Ich glaube, dass sich Einrichtungen manchmal von normativen Präventionsansprüchen lösen und – am besten mit externer Begleitung – sehr konzentriert darauf schauen sollten, welche spezifischen Präventionsanforderungen sich zu einem bestimmten Zeitpunkt in ihren eigenen Reihen aufdrängen. Eine Klärung der Frage, was jetzt gerade wichtig ist, entlastet von dem Gefühl, alle möglichen Präventionsbaustellen in Angriff nehmen zu müssen (nur weil diese in Broschüren und Arbeitshilfen aufgelistet sind).“
In Ihrem Schlussvortrag „Gewaltprävention statt Schutzkonzepte – Dimensionen eines systemisch und prozesshaft orientierten Kinderschutzes in pädagogischen Institutionen“ schlagen sie ja schon einen kritischen Unterton an – obwohl man ja an Schutzkonzepten gerade nicht vorbeikommt. Neugierig hat uns das „statt“ in Ihrem Vortragstitel schon gemacht. Ohne zu viel zu verraten – was meinen Sie damit und worauf wollen Sie in Ihrem Vortrag hinaus?

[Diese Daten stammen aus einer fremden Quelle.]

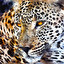 leopard in English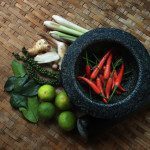 Low FODMAP Thai Red Curry Paste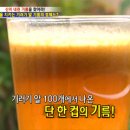 몽산포 기러기농장 티스토리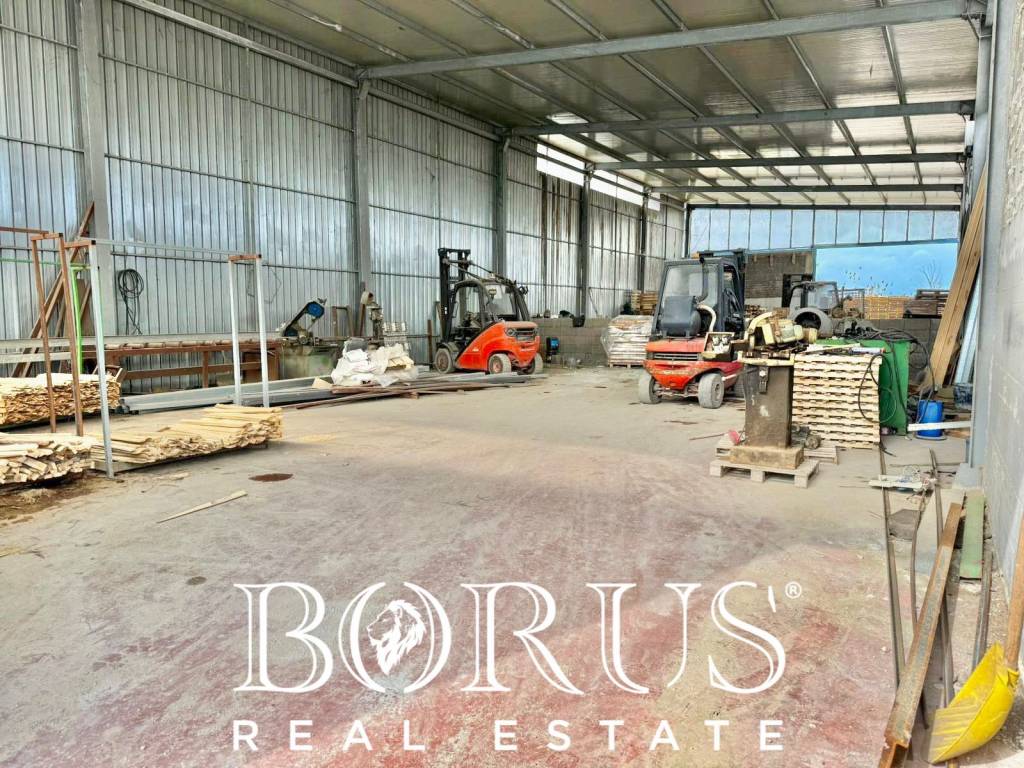 immagine annuncio 2 di 14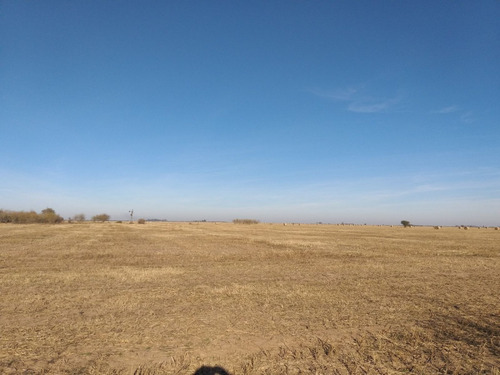 Imagen 6 de 13 de Vendo 90 Hectareas Ganaderas En Ucles, Cba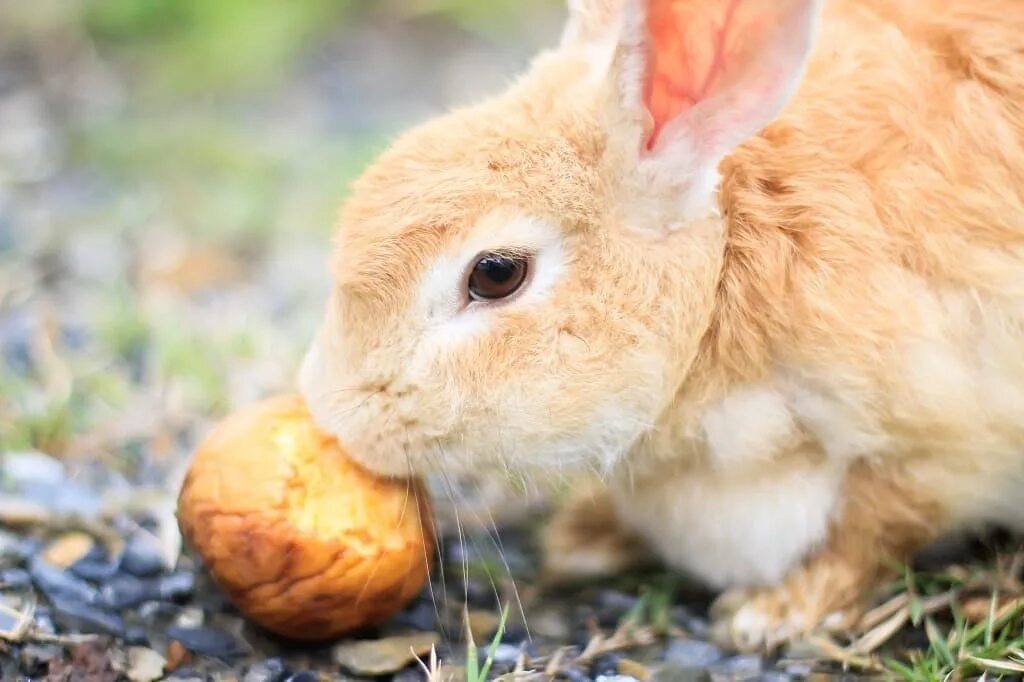 Можно кролику яблоко. Кролик ест яблоко. Кролик с яблоками. Кроличье яблоко. Кролик с капустой.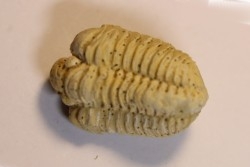 calymene Celebra - Silurian - Edgewood Fmt - Grafton County, Illinois, USA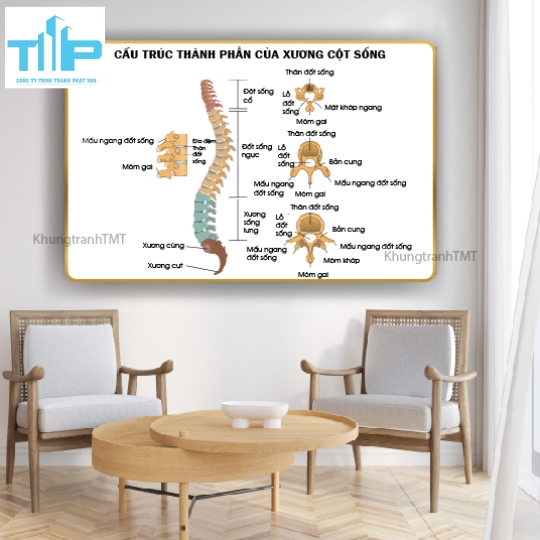 Tranh tráng gương tranh bấm huyệt đạo 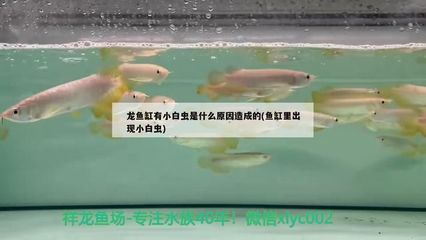 龍魚缸長白蟲怎么辦：龍魚缸中出現(xiàn)長白蟲時(shí)應(yīng)先進(jìn)行手動(dòng)或使用漁撈工具清理缸壁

„Das hat etwas mit dem oben erwähnten normativen Verständnis von institutioneller Prävention zu tun. Und ich würde gerne die Frage nach dem Verhältnis von „Schutz“ und „Prävention“ aufwerfen. Allen, die mit der Materie befasst sind, ist klar, dass es hier nicht nur um Schutz geht, sondern um komplexe und ziemlich vielversprechende Prozesse der Organisationsentwicklung. Kindern und Jugendlichen geht es ja auch nicht nur darum, dass sie geschützt werden, sondern dass sie sich in pädagogischen Kontexten gut weiterentwickeln können. Daher empfinde ich es immer wieder irritierend, wenn die Vielfalt präventiver Anforderungen auf den Schutzbegriff reduziert wird.
Angesichts der Katastrophe der deutschen Heimerziehung und der entsetzlichen Missstände in Schulen und Internaten in der Vergangenheit geht es mir natürlich keineswegs darum, die Bedeutung des Schutzes vor Gewalt „kleinzureden“. Aber gerade weil wir verstanden haben, dass der Schutz keine isolierte Qualität ist, sondern lebendiger pädagogischer Systeme bedarf, plädiere ich für eine Erweiterung der Begrifflichkeiten und Konzepte im Bereich der Prävention. Ohne zu viel zu verraten: Der Begriff der Ethik könnte uns hier enorm weiterhelfen…“
Vielen Dank, wir freuen uns schon sehr auf Ihren Vortrag!